ADDITIONAL APPLICATIONS IN DEVELOPMENT VERSION

arb_dirac_eigen:
Eigenvalues and eigenvectors of very general fermion actions with four Dirac spin indices. Not tested for more than one node. degrand at physics.colorado.edu.
arb_dirac_invert:
Spectrum for very general fermion actions with four Dirac spin indices. Not tested for more than one node. degrand at physics.colorado.edu.
clover_hybrids
Hybrid spectroscopy with clover fermions. doug at klingon.physics.arizona.edu)
h_dibaryon:
H-dibaryon spectrum for clover quarks.
heavy
Wilson heavy-light spectroscopy with hopping parameter expansion.
hqet_heavy_to_light:
HQET form factor code. Not used in production, yet.
ks_eigen
Eigenvalues for improved staggered fermion operators. kostas at physics.arizona.edu)
ks_hybrids2
Hybrid staggered spectroscopy. doug at klingon.physics.arizona.edu)
ks_imp_dyn1
Dynamical QCD with improved staggered quarks of 1 degenerate mass. doug at klingon.physics.arizona.edu)
ks_imp_dyn2
Dynamical QCD with improved staggered quarks of 2 masses. doug at klingon.physics.arizona.edu)
propagating_form_factor
Form factors with propagating quarks. detar at physics.utah.edu)
schroed_cl_inv
Schroedinger functional code (quenched) with clover fermions. heller at scri.fsu.edu)
schroed_ks_dyn
Schroedinger functional code (dynamical) with staggered fermions. heller at scri.fsu.edu)
schroed_pg
Pure gauge schroedinger functional code. heller at scri.fsu.edu)
smooth_inst
Does APE smoothing of gauge configurations and computes the topological charge density.
string_break
Staggered fermion string breaking.
symanzik_sl32
Pure gauge Monte Carlo for an arbitrary hypercubic action.
wilson_static
Static light spectroscopy for Wilson fermions.

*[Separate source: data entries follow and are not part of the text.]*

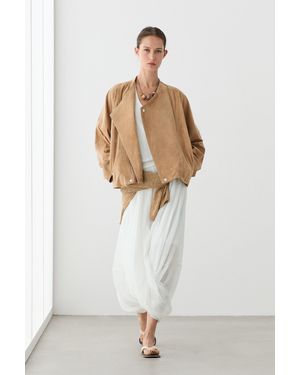 MASSIMO DUTTI Double-Breasted Suede Jacket - Natural
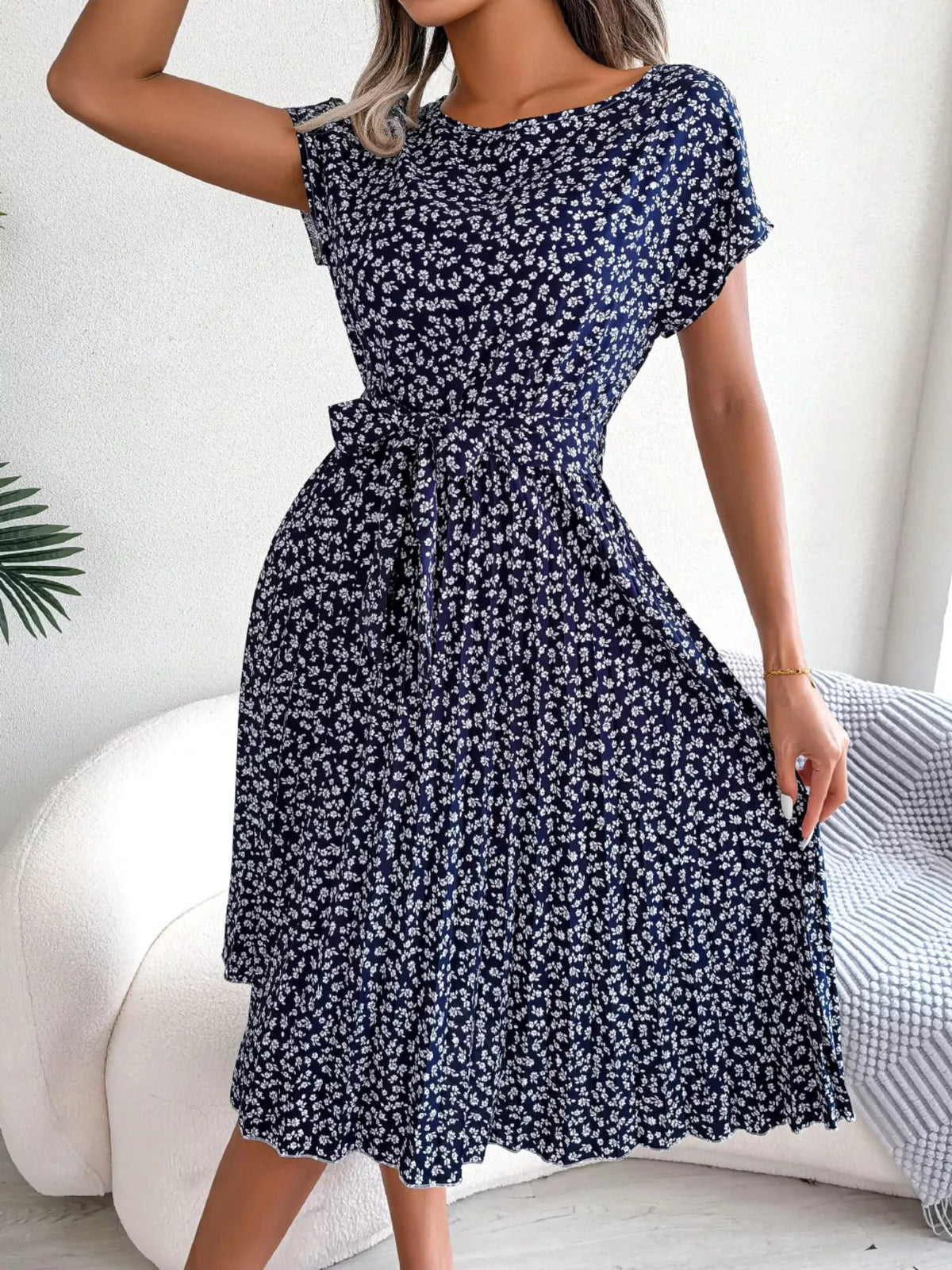 Floral Pleated Midi Dress for Women – Belted Summer Dress with Print - Sundrift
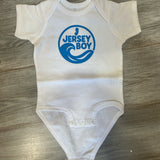 Jersey Boy Wave Onesie – White / Blue Print
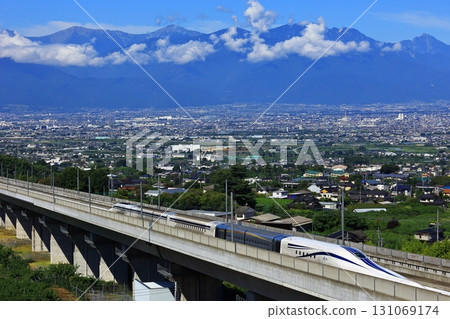 Southern Alps and the new Linear Chuo Shinkansen train Southern Alps and the new Linear Chuo Shinkansen train 131069174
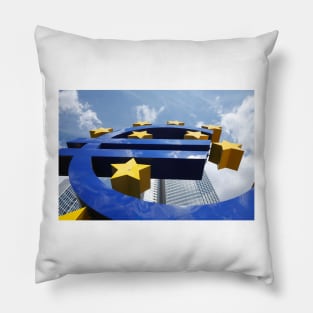 Euro symbol in front of the ECB building, Frankfurt Pillow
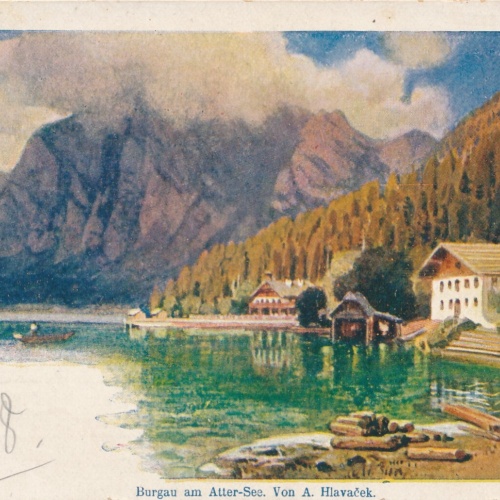 AK, Burgau am Attersee, von A. Hlavacek, Oberösterreich (S135)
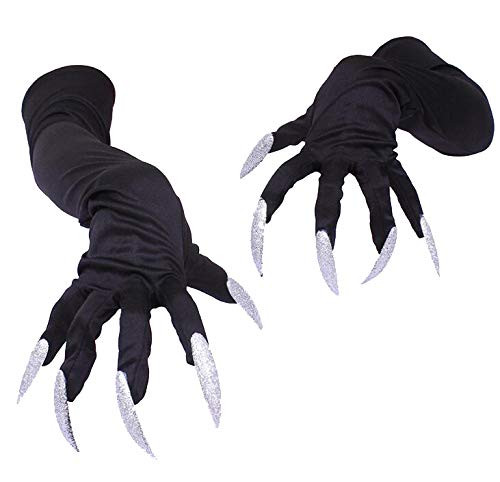 Gloves Nails Halloween Party Masquerade Gloves Halloween Costume Gloves Attached Long Fingernails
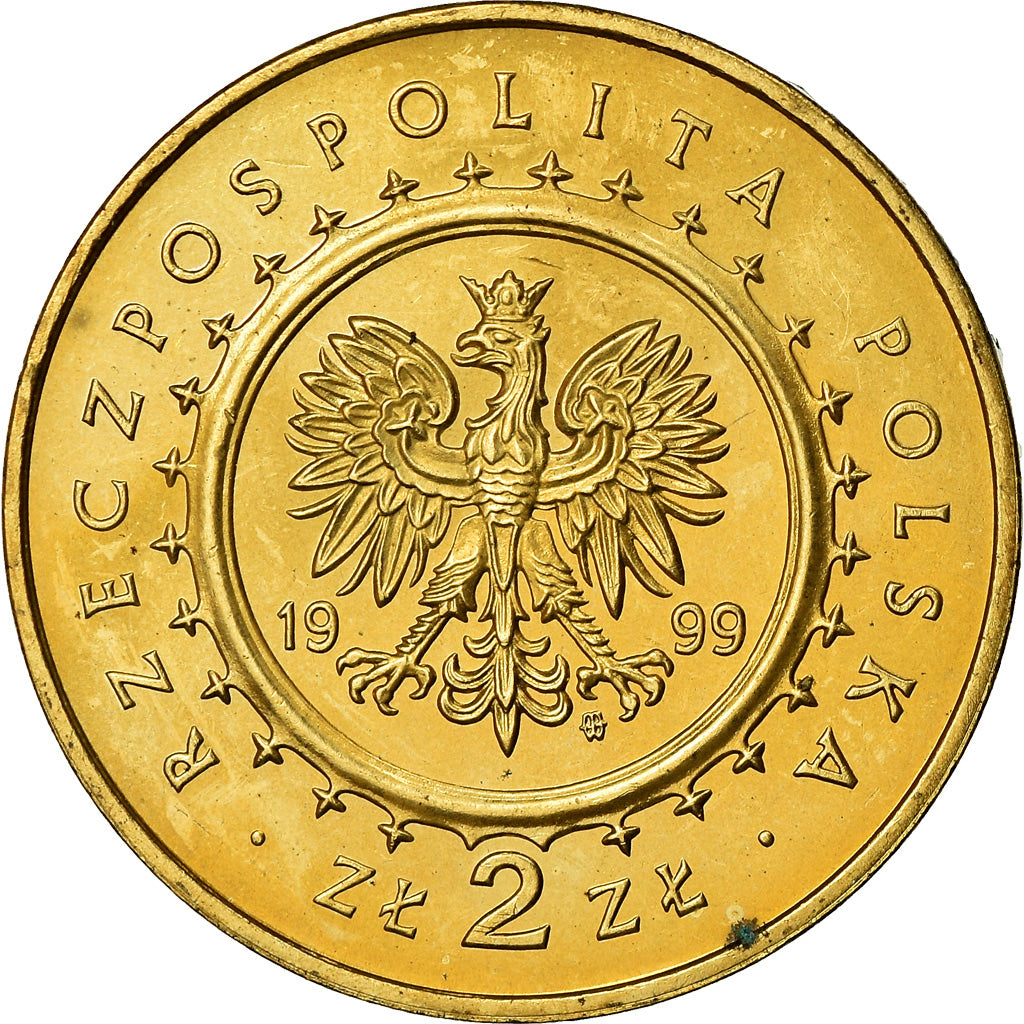 Coin, Poland, 2 Zlote, 1999, Warsaw, MS(60-62), Brass, KM:372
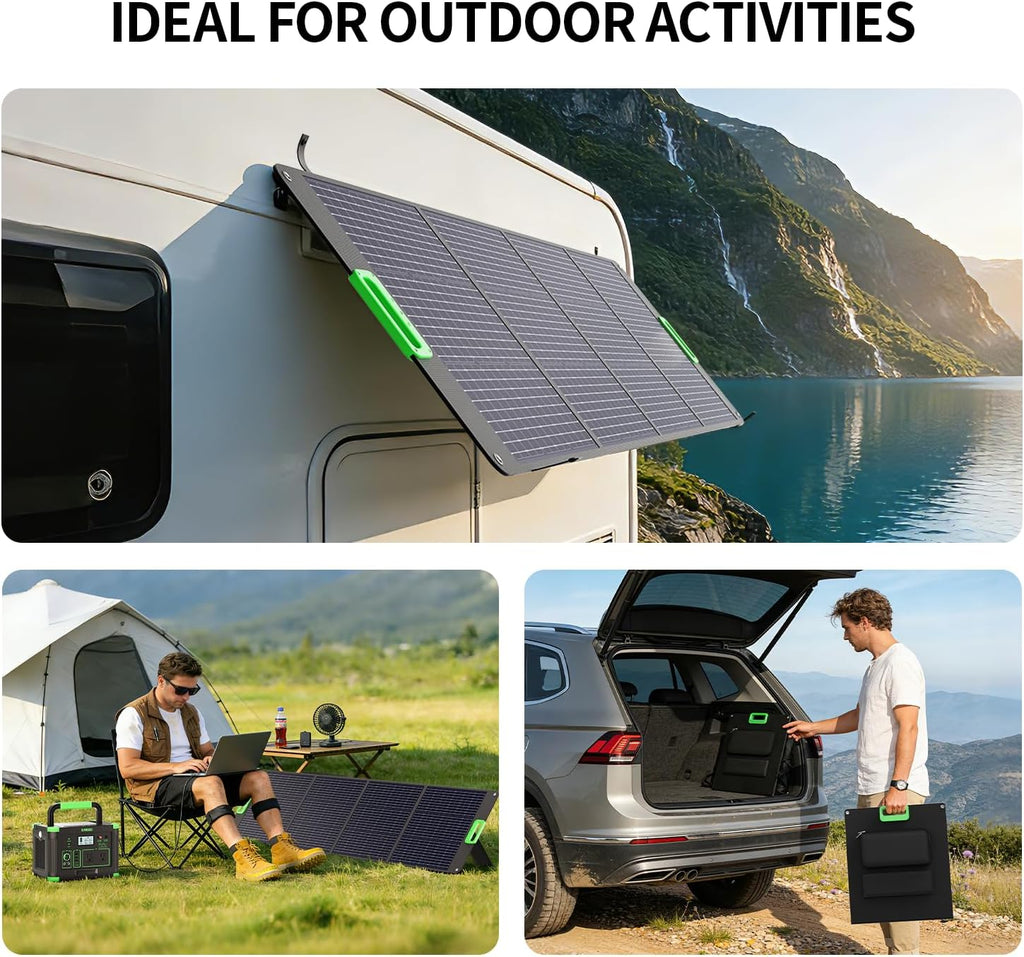200W Portable Solar Panel, 23.5% High Efficiency ETFE Foldable Solar Charger for Power Station, IP65 Waterproof w/ 4 Kickstands, MC4 XT60 Anderson DC 4-in-1 Output for RV Camping Outdoor Emergency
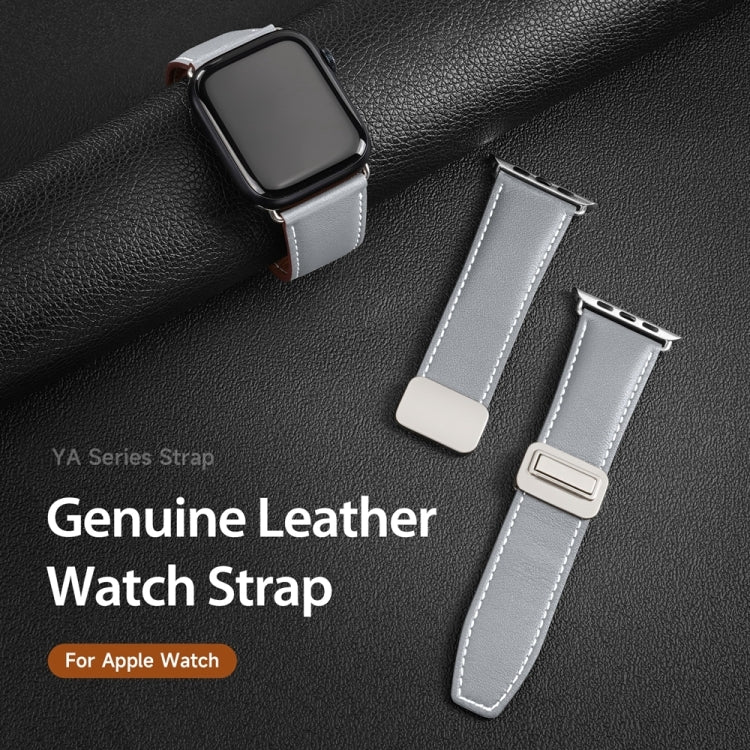 For Apple Watch SE 2023 44mm DUX DUCIS YA Series Magnetic Buckle Genuine Leather Watch Band(Grey) - Watch Bands by DUX DUCIS | Online Shopping UK | buy2fix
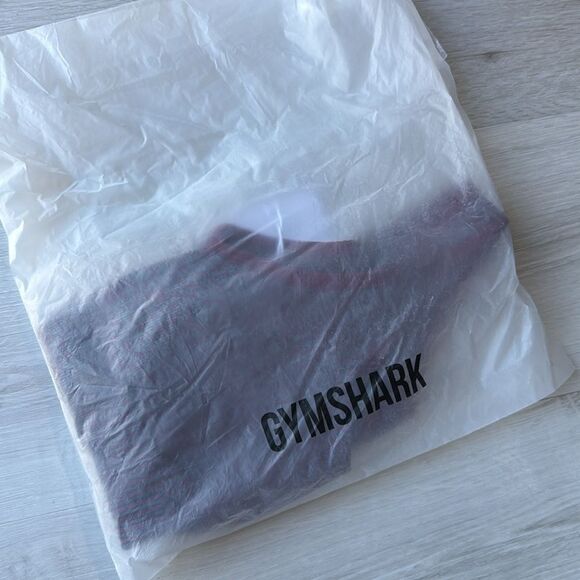 GYMSHARK MARL SEAMLESS SCOOP BRA SIZE S IN PLUM PINK MARL NWT - Picture 8 of 9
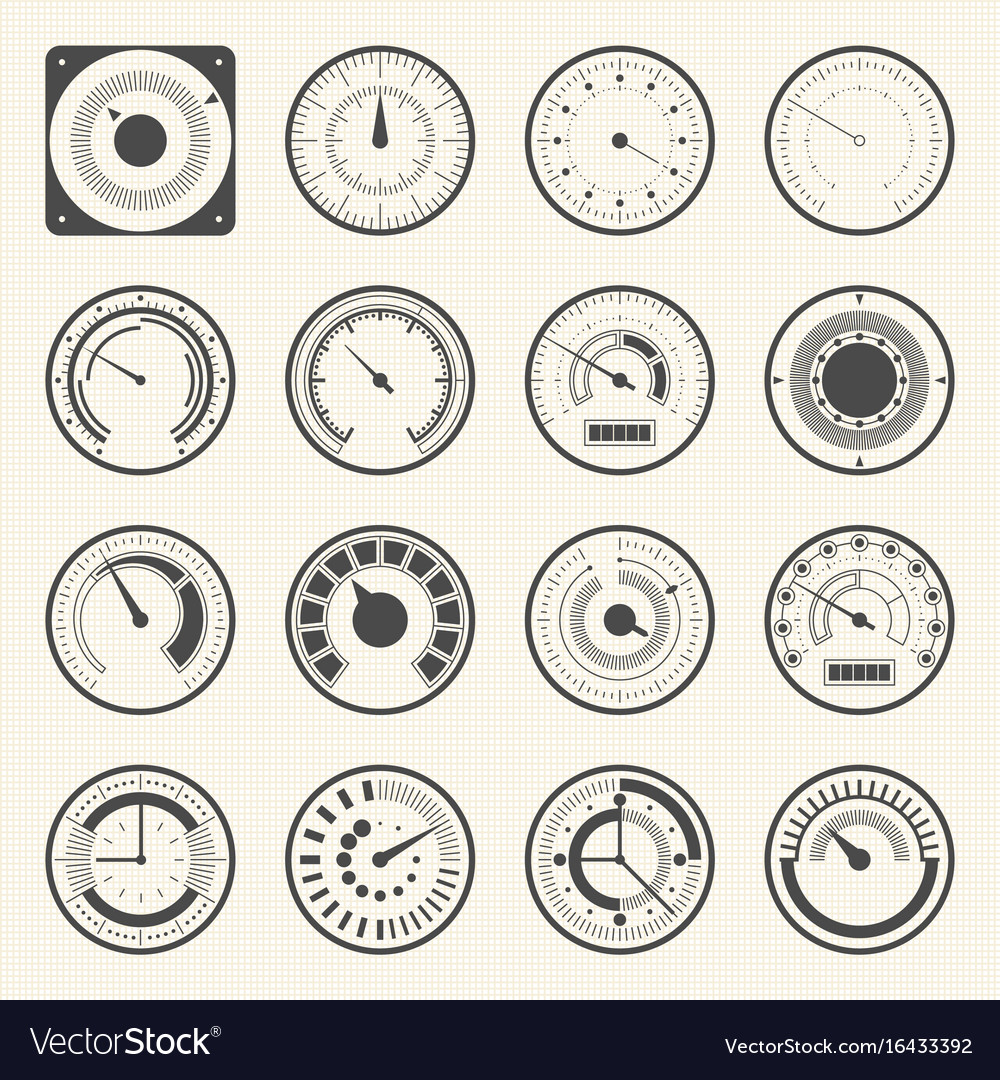 Circular meter collection round gauge icons set Vector Image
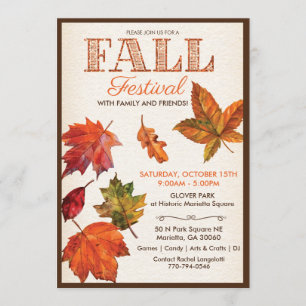 Invitation pour la Fête des Feuilles d'Automne de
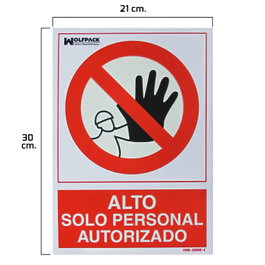 WOLFPACK LINEA PROFESIONAL Cartel Alto Acceso Solo Personal Autorizado 21x 30 cm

The top level directory contains a `README' file with specific information on how to make an application code (see section Building the MILC Code).

We list some macros affecting compilation of various sections of the code that may be defined by user option. Unless otherwise stated, they are defined in the application `Make_template' file in the line DEFINES =. Thus, for example, in routines that call a conjugate gradient inverter, the line DEFINES = -DCGTIME causes timing information to be printed to standard output. Also check the application Make_template files for information about compilation options.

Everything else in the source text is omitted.